The answer must be an exact copy of the lines from the one containing "acro（アクロ）の「バンド" through the last line of the records, with the pictures left out.

════════

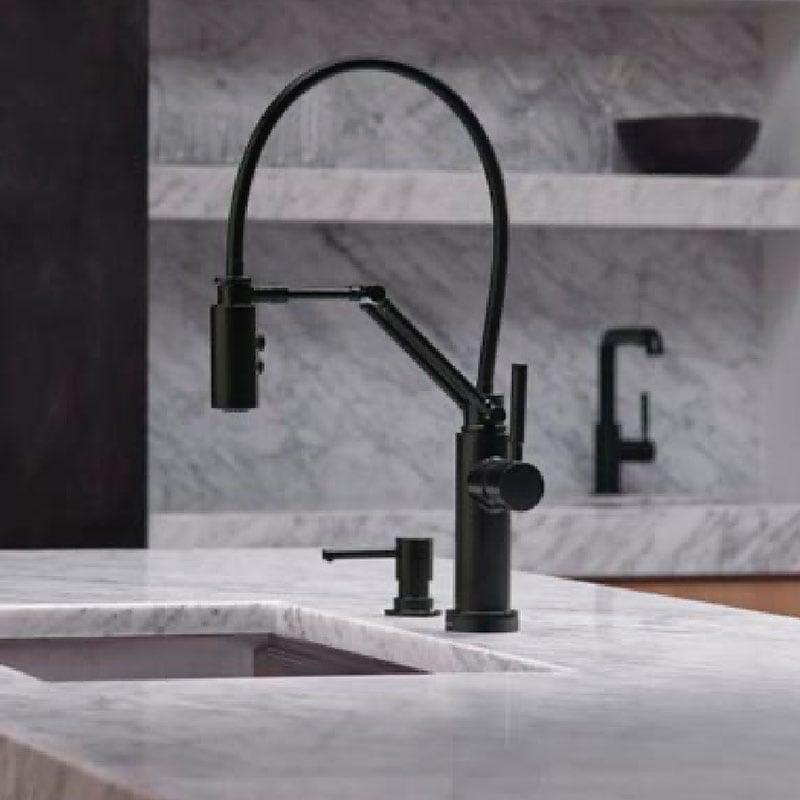 black kitchen faucet with marble countertop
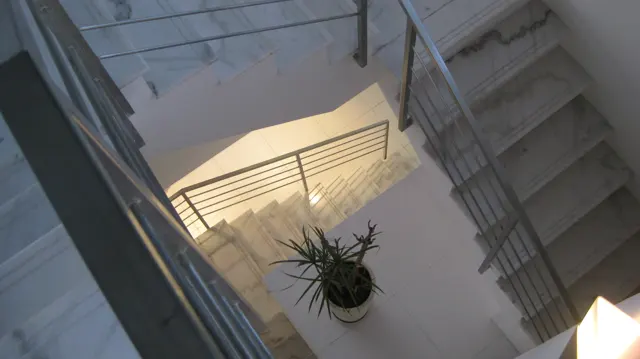 An overhead view follows pale stairs and metal railings towards a landing with a potted plant and a patch of sunlight.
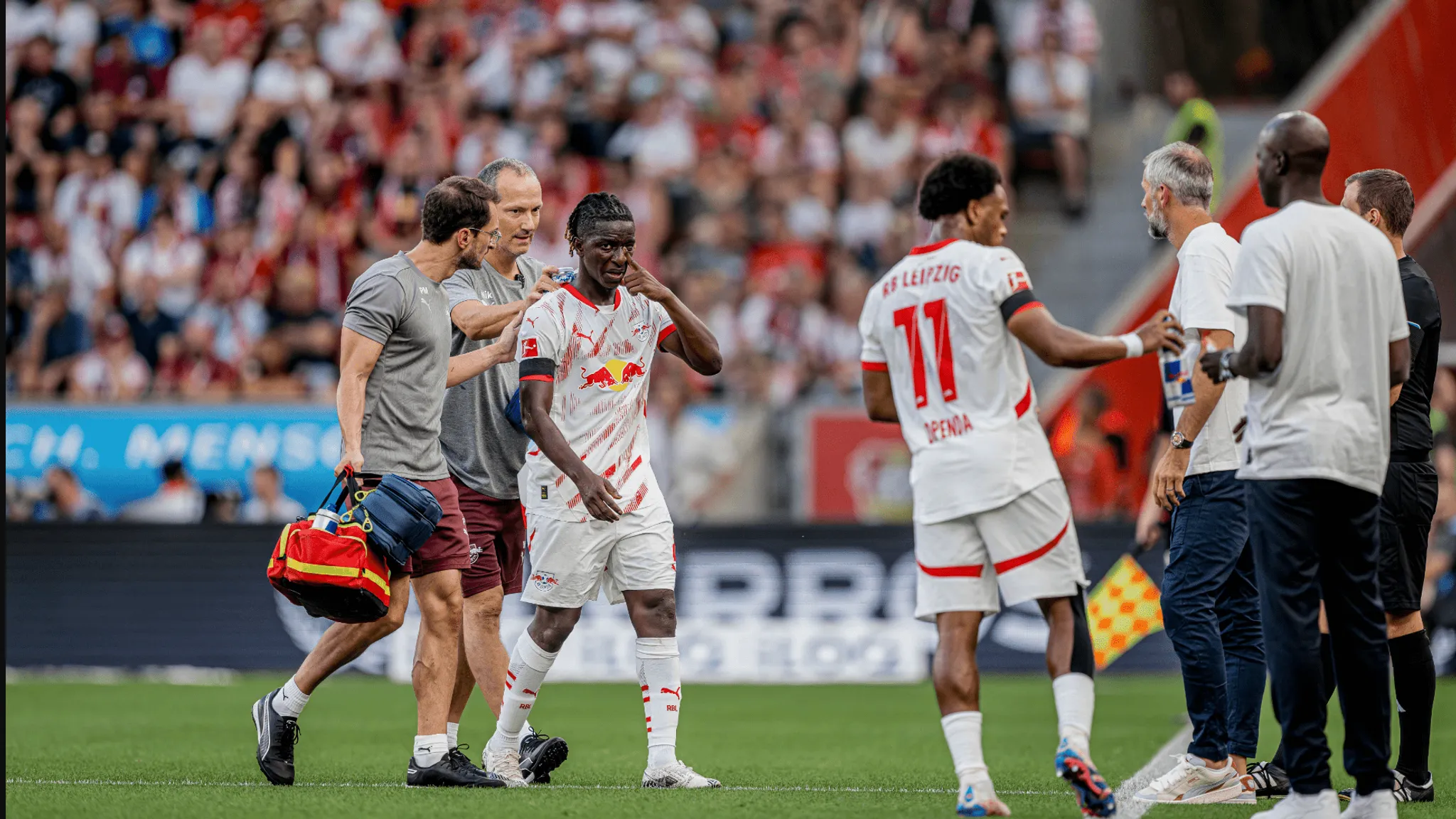 Amadou Haidara left the game in Leverkusen after a hard knock to the head.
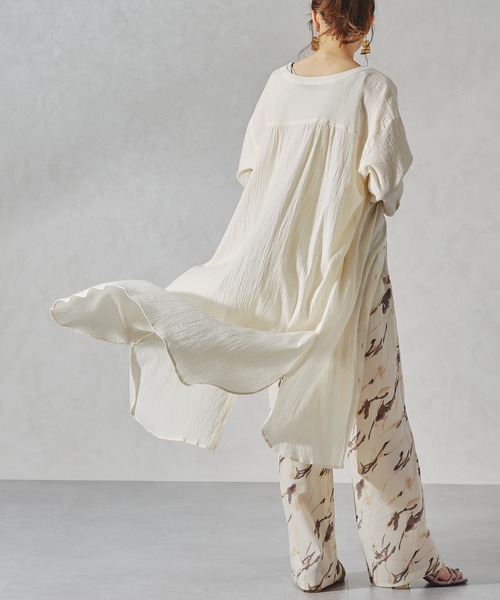 acro（アクロ）の「バンドカラーリラックスシャツワンピース/AC1063（シャツワンピース・レディース・ネイビー/オレンジ/ホワイト・ﾌﾘ-）」の10枚目の写真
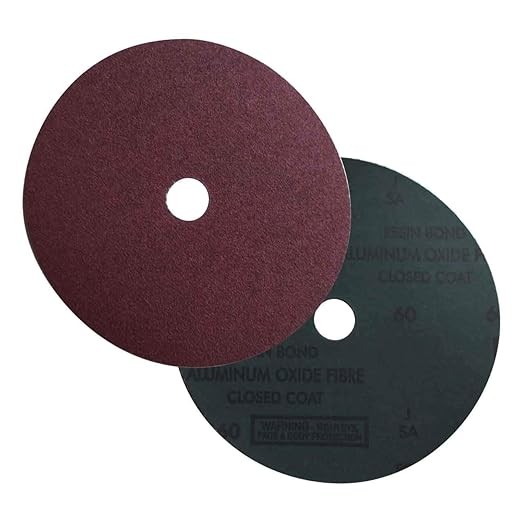 Norton 7" Coated Fiber Disc, 7/8" Mounting Hole, 60 Grit Aluminum Oxide 25PK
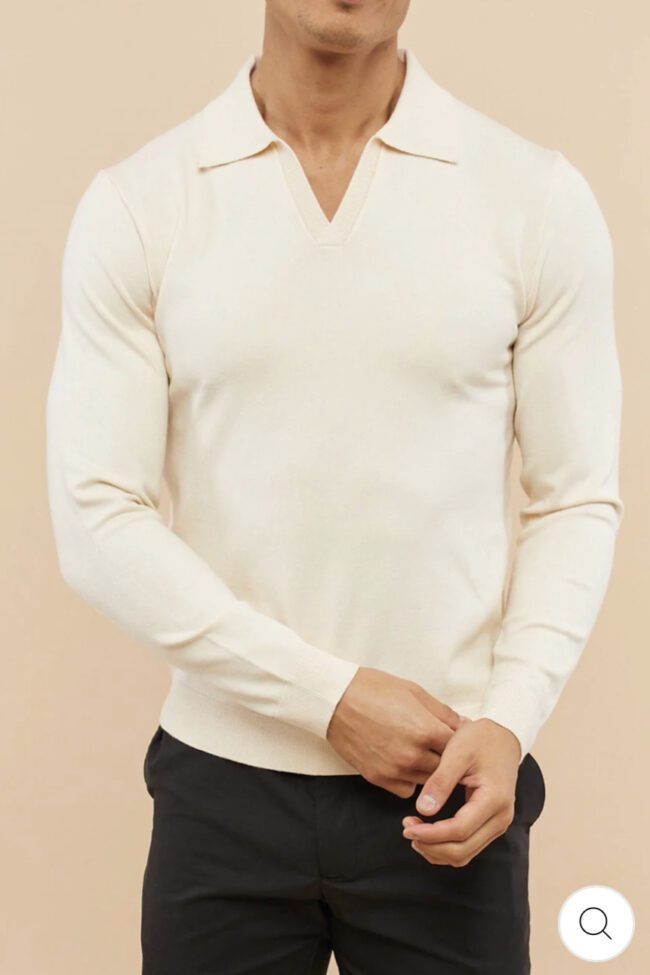 ELEGANCE - LONG SLEEVE POLO WHITE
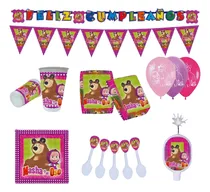 Comprar Kit Decoración Masha Oso Cumpleaños Mantel Fiesta Globos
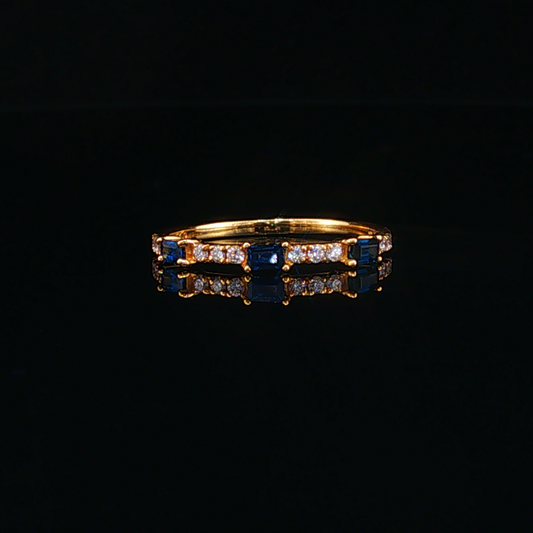 Yellow Gold Stackable Ring with Royal Blue Sapphires and Natural Diamonds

════════

**Exercise output**
 acro（アクロ）の「バンドカラーリラックスシャツワンピース/AC1063（シャツワンピース・レディース・ネイビー/オレンジ/ホワイト・ﾌﾘ-）」の10枚目の写真
 Norton 7" Coated Fiber Disc, 7/8" Mounting Hole, 60 Grit Aluminum Oxide 25PK
 ELEGANCE - LONG SLEEVE POLO WHITE
 Comprar Kit Decoración Masha Oso Cumpleaños Mantel Fiesta Globos
 Yellow Gold Stackable Ring with Royal Blue Sapphires and Natural Diamonds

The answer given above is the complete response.